Cockerell remodelled St George’s Plateau and removed the steps during this process.  His idea was to have St George’s Hall look like the Parthenon atop the Acropolis in Athens and the steps spoilt the overall effect.

Cockerell also had another idea – to place a sculpture within the empty tympanum that was above the South Entrance. The sculpture can be seen clearly in the above photograph.

That sculpture, and what happened to it, is what we will now look at in more depth:

During the building of St George’s Hall, the original Architect, Harvey Lonsdale Elmes was taken ill with consumption and died in 1847 before seeing its completion.
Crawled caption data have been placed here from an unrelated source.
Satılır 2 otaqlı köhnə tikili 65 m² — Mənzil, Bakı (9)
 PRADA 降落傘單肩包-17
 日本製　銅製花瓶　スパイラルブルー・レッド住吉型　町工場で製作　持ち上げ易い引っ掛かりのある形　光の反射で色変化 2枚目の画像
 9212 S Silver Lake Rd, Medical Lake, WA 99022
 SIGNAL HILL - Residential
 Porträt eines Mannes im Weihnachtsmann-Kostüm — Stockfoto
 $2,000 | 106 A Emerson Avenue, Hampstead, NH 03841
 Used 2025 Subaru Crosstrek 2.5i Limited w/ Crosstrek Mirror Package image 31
In 1851, Elmes’ mentor, Charles Robert Cockerell was asked to design the interior decoration. Whilst doing this, he also added a couple of his own flourishes to the building – one of which being a sculptured pediment on the South Entrance.

It should be noted that Elmes’ original sketches for his competition entry for an assizes did have a rough sketching of a sculpture in the pediment on the portico (as he had no doubt been inspired for his design by the Fitzwilliam Museum in Cambridge (which, incidentally, Cockerell had worked on).

Whereas his original sketch for the hall shows an empty tympanum. On combining the hall with the assizes, he translated the central tympanum to the south entrance of the hall along with the pediment idea for the assizes.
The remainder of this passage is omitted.